*TASK OBJECTIVE*
Exact copies of the lines from the one holding "Nike ZoomX Dragonfly" through the last line of the entries below are to be printed, with pictures omitted.

*Items listed in a dataset*
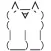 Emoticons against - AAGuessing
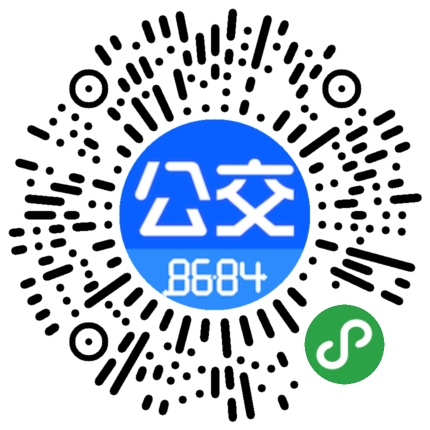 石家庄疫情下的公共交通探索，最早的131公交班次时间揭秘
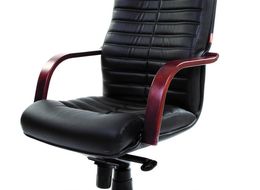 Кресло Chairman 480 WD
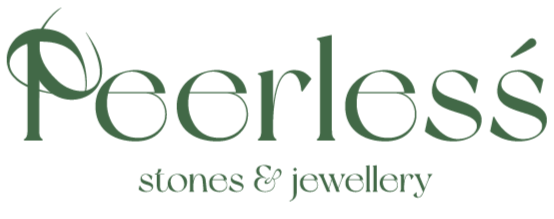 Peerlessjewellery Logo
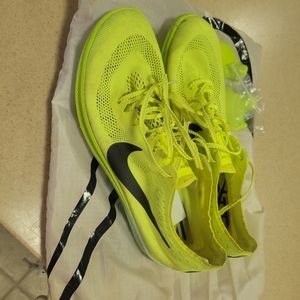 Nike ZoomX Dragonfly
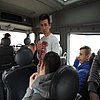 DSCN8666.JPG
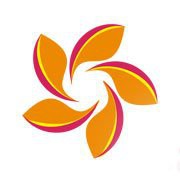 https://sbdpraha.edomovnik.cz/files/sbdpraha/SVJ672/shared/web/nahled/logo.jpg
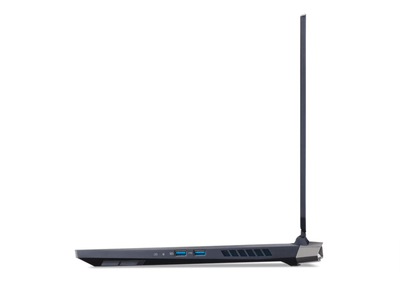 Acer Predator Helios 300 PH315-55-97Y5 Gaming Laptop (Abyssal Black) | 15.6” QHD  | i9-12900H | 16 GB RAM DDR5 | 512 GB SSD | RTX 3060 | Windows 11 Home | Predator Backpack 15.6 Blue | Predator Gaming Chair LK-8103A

*RESPONSE BELOW*
 Nike ZoomX Dragonfly
 DSCN8666.JPG
 https://sbdpraha.edomovnik.cz/files/sbdpraha/SVJ672/shared/web/nahled/logo.jpg
 Acer Predator Helios 300 PH315-55-97Y5 Gaming Laptop (Abyssal Black) | 15.6” QHD  | i9-12900H | 16 GB RAM DDR5 | 512 GB SSD | RTX 3060 | Windows 11 Home | Predator Backpack 15.6 Blue | Predator Gaming Chair LK-8103A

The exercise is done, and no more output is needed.